• Data section:
──────

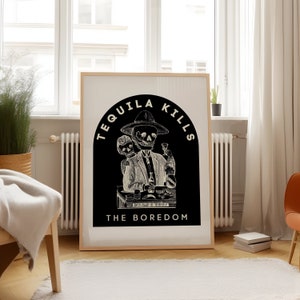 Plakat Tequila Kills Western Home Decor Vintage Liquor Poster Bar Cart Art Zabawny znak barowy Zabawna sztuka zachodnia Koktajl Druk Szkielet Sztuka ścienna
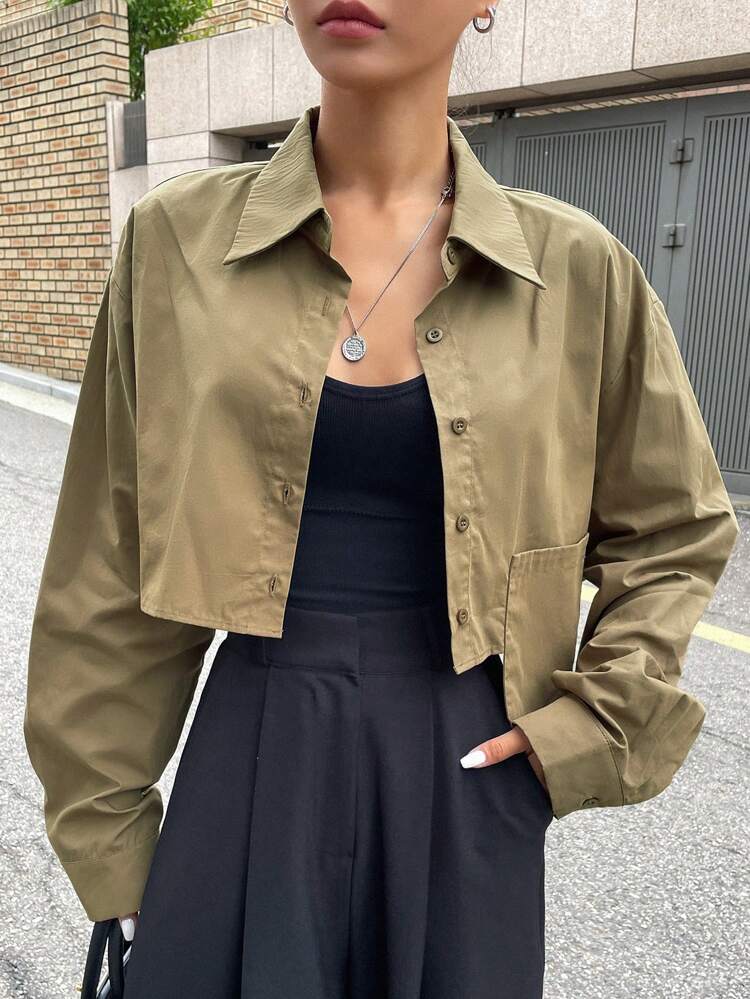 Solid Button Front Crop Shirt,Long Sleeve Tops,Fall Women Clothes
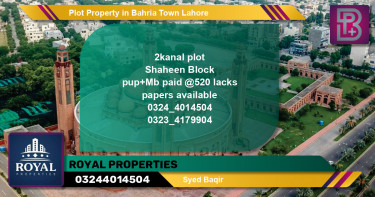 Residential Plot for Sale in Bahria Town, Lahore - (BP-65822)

──────

• Exercise objective: Copy all of the data word for word, and keep the pictures out of it.

• Task result:
 Plakat Tequila Kills Western Home Decor Vintage Liquor Poster Bar Cart Art Zabawny znak barowy Zabawna sztuka zachodnia Koktajl Druk Szkielet Sztuka ścienna
 Solid Button Front Crop Shirt,Long Sleeve Tops,Fall Women Clothes
 Residential Plot for Sale in Bahria Town, Lahore - (BP-65822)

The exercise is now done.